I am new to R. I am working with a dataseries and want to plot multiple lines on a series where x=midpoint using ggplot. If I am working with data that contains NA values, I understand I should use na.rm=T
. I know this kind of data is really annoying to work with, but I am curious to know if there are any quick fixes to the issues I'm having.
My dataset contains:
- a
midpoint
column (x) - columns for
z_chlA, z_d13C,z_d15N
(y)
NOTE: the z_chlA
column has no NA values, but z_d15N
and z_d13C
have many
The code I am working with:
midpoint <- proxydata$midpoint
z_chlA <- as.numeric(proxydata$z_chlA)
z_dN15 <- as.numeric(proxydata$z_d15N, na.rm=TRUE)
z_d13C <- as.numeric(proxydata$z_d13C.corrected, na.rm=TRUE)

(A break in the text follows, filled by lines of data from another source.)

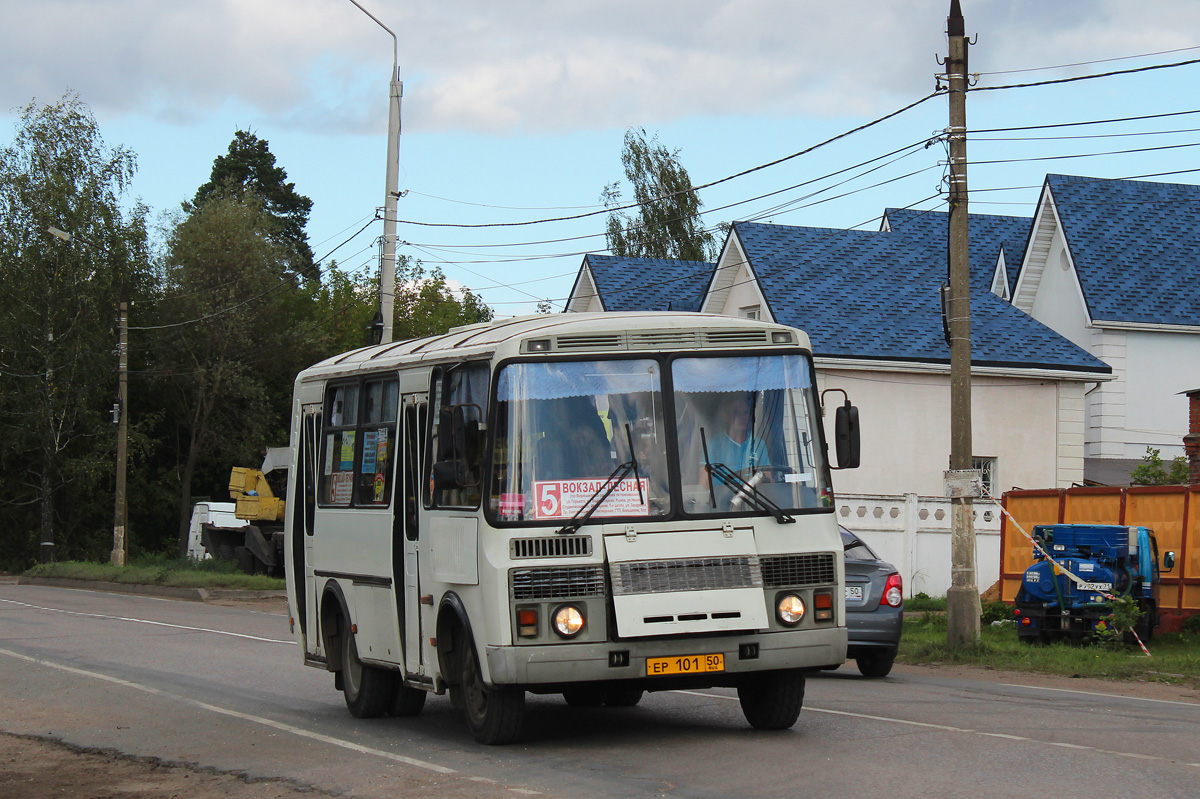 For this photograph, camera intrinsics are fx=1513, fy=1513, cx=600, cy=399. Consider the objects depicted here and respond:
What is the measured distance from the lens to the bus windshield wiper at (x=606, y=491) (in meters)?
9.26

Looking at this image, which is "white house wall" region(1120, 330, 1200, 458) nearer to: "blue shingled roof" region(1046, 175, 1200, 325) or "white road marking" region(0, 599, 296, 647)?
"blue shingled roof" region(1046, 175, 1200, 325)

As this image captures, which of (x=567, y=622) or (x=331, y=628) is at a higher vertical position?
(x=567, y=622)

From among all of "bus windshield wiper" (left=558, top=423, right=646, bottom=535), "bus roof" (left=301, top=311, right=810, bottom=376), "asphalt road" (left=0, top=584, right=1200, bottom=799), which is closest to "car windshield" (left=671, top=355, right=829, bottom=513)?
"bus roof" (left=301, top=311, right=810, bottom=376)

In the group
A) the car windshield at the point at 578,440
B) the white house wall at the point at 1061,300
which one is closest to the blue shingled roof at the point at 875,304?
the white house wall at the point at 1061,300

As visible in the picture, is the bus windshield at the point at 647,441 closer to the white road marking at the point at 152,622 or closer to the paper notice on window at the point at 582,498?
the paper notice on window at the point at 582,498

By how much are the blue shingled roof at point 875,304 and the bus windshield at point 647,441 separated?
70.1 ft

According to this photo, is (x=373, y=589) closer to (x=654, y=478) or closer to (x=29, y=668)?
(x=654, y=478)

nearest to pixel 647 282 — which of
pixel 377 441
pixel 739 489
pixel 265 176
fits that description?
pixel 377 441

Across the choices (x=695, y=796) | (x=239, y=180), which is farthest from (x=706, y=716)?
(x=239, y=180)

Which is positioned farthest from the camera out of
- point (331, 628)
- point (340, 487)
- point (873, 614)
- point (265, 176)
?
point (265, 176)

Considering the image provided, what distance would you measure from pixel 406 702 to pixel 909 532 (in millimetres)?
16425

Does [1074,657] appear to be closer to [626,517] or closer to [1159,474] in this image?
[626,517]

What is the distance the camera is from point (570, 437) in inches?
372

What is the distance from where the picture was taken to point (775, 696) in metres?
10.1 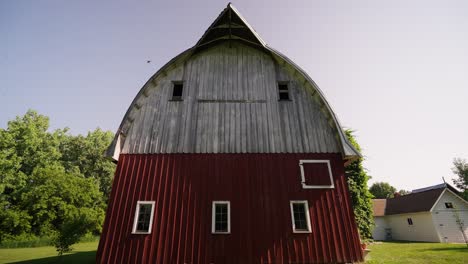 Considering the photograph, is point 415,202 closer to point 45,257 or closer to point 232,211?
point 232,211

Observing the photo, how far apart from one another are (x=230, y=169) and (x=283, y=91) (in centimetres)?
538

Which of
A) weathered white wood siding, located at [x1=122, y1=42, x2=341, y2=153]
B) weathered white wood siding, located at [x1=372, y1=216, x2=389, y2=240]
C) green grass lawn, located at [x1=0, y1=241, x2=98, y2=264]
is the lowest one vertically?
green grass lawn, located at [x1=0, y1=241, x2=98, y2=264]

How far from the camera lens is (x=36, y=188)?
1038 inches

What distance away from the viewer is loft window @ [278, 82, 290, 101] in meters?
11.7

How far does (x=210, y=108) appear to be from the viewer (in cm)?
→ 1109

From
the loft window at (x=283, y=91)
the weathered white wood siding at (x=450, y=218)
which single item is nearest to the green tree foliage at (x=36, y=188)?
the loft window at (x=283, y=91)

ggplot(data=proxydata, x=midpoint, group=names) +
geom_line(aes(x=midpoint, y=z_chlA)) +
geom_line(aes(x=midpoint, y=as.numeric(z_d15N))") +
geom_line(aes(x=midpoint, y=z_d13C))+
scale_x_continuous(breaks=seq(0, 30, by= 2)) + ylim(c(-2, 3))

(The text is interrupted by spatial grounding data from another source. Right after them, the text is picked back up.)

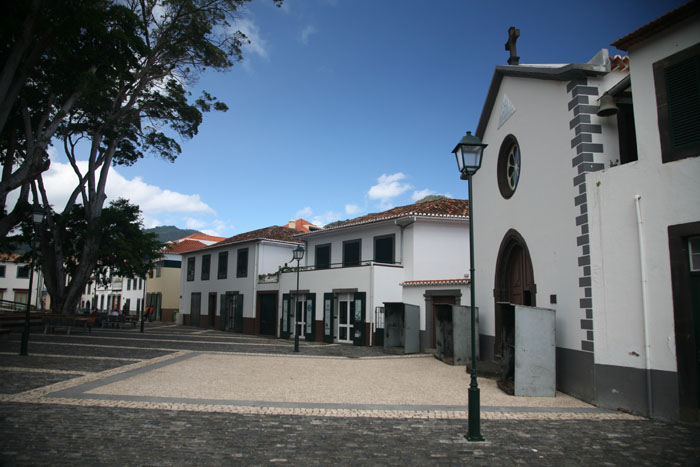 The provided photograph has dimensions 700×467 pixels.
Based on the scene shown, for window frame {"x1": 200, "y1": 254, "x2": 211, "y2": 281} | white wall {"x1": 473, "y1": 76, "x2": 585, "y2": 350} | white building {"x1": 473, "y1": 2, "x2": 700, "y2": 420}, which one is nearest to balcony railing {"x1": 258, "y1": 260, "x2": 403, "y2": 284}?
white wall {"x1": 473, "y1": 76, "x2": 585, "y2": 350}

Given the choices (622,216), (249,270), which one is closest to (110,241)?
(249,270)

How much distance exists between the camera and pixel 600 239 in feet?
26.7

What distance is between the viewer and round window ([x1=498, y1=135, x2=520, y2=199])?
39.3 ft

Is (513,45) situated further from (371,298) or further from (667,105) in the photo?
(371,298)

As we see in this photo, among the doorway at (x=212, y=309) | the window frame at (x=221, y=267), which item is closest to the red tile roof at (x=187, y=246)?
the doorway at (x=212, y=309)

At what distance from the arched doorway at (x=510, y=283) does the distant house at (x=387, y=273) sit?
4.58 m

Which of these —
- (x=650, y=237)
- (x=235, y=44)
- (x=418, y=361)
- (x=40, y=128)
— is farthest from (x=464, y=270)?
(x=40, y=128)

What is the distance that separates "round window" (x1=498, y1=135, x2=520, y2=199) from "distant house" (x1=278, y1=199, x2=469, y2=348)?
562cm

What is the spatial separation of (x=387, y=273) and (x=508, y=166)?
8.32 meters

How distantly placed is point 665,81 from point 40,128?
18023 mm

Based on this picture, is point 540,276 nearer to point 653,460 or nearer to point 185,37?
point 653,460

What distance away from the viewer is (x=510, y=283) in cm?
1233

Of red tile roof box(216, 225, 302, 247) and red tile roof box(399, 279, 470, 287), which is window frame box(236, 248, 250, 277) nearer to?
red tile roof box(216, 225, 302, 247)

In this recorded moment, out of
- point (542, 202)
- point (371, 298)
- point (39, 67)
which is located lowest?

when I run it without ** na.rm=TRUE ** in the geom_line functions I get the warning message:
Warning messages: 1: Removed 49 row(s) containing missing values (geom_path). 2: Removed 53 row(s) containing missing values (geom_path). 3: Removed 19 row(s) containing missing values (geom_path).

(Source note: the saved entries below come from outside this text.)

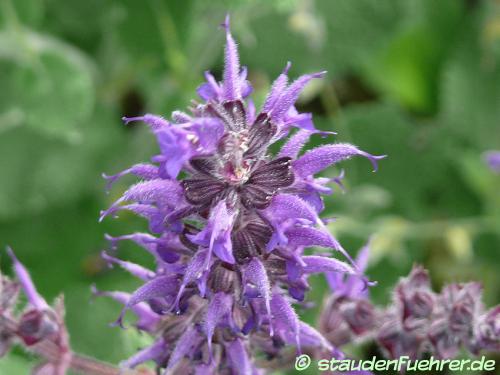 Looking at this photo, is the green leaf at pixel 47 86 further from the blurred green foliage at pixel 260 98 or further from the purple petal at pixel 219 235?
the purple petal at pixel 219 235

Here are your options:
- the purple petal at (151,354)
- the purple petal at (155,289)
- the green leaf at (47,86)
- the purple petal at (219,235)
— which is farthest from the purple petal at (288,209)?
the green leaf at (47,86)

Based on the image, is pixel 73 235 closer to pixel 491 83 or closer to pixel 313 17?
pixel 313 17

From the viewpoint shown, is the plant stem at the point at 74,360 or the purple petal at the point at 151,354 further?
the plant stem at the point at 74,360

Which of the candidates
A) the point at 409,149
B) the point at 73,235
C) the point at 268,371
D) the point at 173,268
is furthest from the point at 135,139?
the point at 173,268

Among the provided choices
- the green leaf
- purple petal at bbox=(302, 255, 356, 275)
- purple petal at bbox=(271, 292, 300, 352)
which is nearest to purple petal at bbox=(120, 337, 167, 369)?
purple petal at bbox=(271, 292, 300, 352)

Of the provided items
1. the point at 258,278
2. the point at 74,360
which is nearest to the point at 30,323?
the point at 74,360

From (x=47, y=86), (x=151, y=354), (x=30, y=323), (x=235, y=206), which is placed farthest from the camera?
(x=47, y=86)

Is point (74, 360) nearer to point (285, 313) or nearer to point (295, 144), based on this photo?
point (285, 313)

The code I am running makes the plot but does not plot any of the groups that have NA values in them, the line is missing in the final plot.
I tried to run it with na.rm=TRUE
in the first part when I define the variables z_chlA, z_d15N, z_d13C
, and I also tried adding it to the geom_line function which did not work even though it removed the warning messages. You can see I also tried using as.numeric()
, which did not help. It seems like it is not plotting any of the groups that have NA values in them because my data in the chlA column has no NA's and is plotting fine. When I use geom_point in place of geom_line, it it plots all the variables appropriately but I would like lines not points. If I use geom_point + geom_line
it still does not plot the line. I tried playing around with groups=names
in the ggplot() function but this did not work for me, I am still doing something wrong.
I can just work with a dataset that doesn't have NA values, but I am curious to know if there is a way around this otherwise.